▸ **Directions for this task**:
Repeat exactly the lines below from the line that contains "Kilim Desenli Goblen" to the last line, inclusive, without the pictures.

▸ **Source data**:
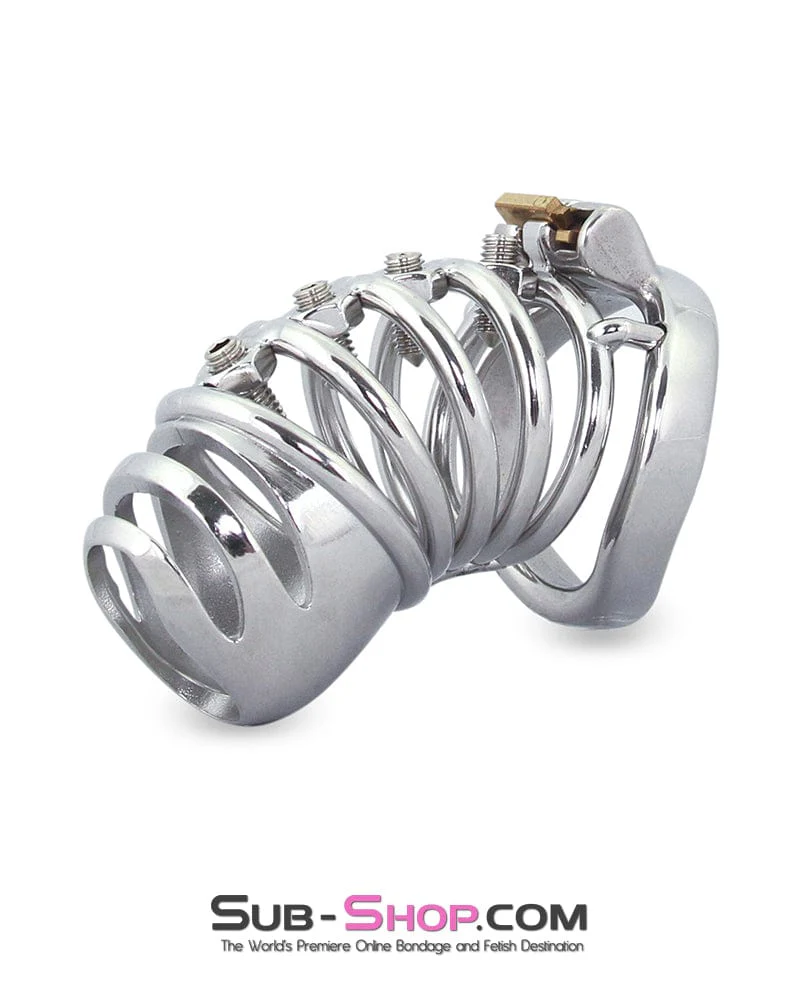 6791M      Totally Screwed Chastity Cock Punishment Cage with Adjustable Spikes - Image 3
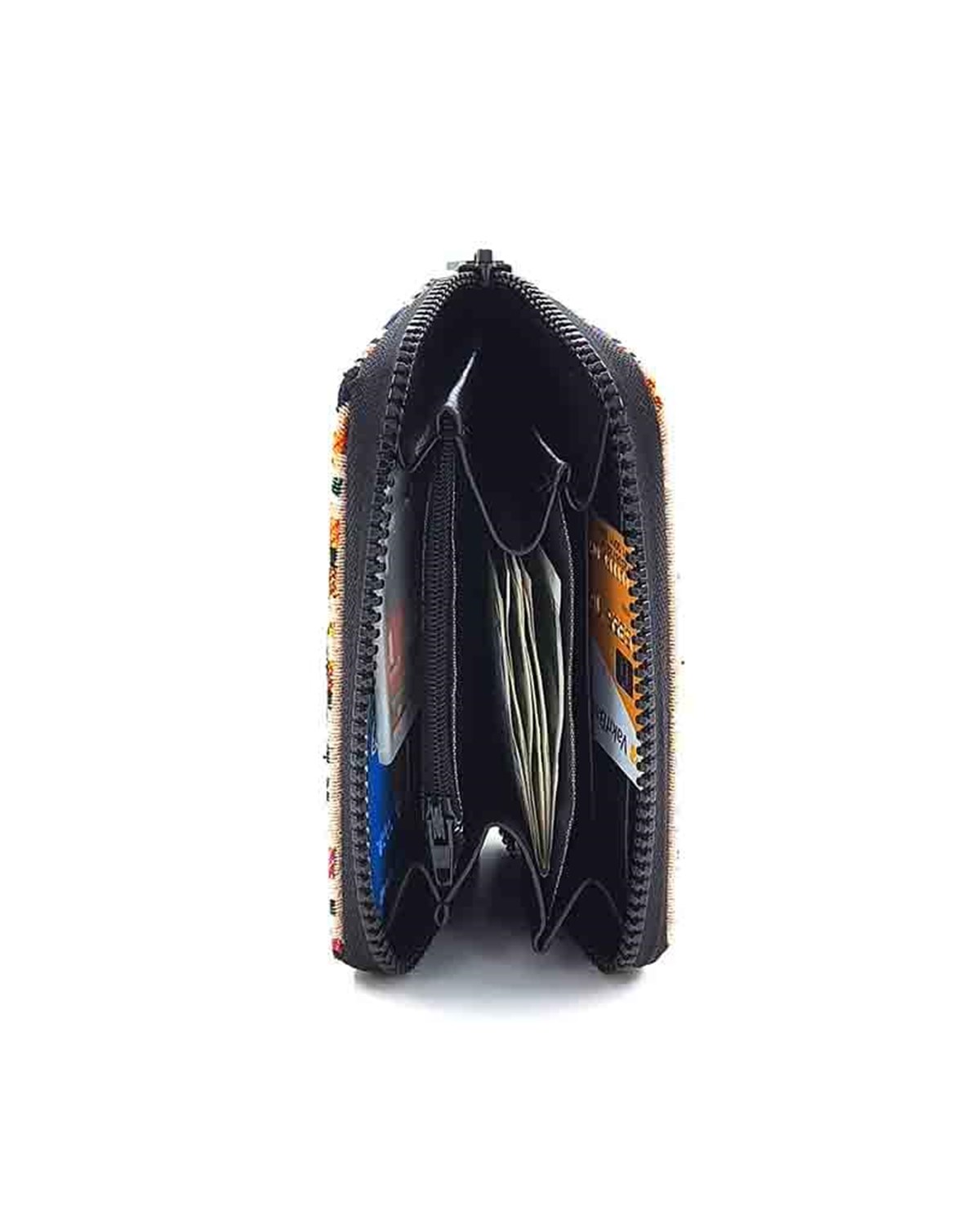 Kilim Desenli Goblen Dokuma Çok Gözlü Fermuarlı Cüzdan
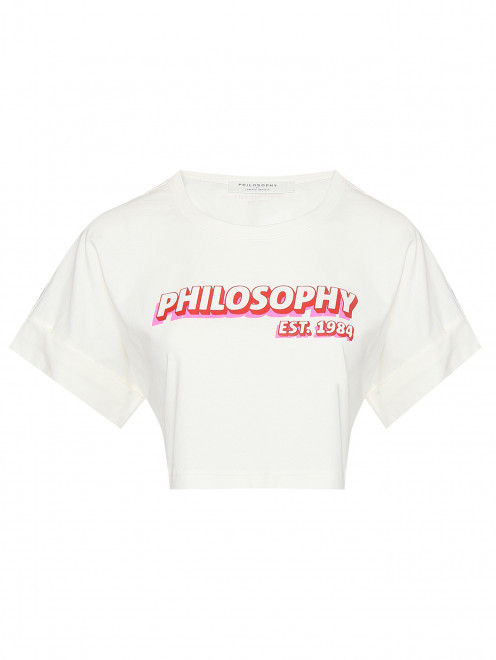 Укороченная футболка из хлопка с принтом Philosophy di Lorenzo Serafini - Общий вид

▸ **Result for this exercise**:
 Kilim Desenli Goblen Dokuma Çok Gözlü Fermuarlı Cüzdan
 Укороченная футболка из хлопка с принтом Philosophy di Lorenzo Serafini - Общий вид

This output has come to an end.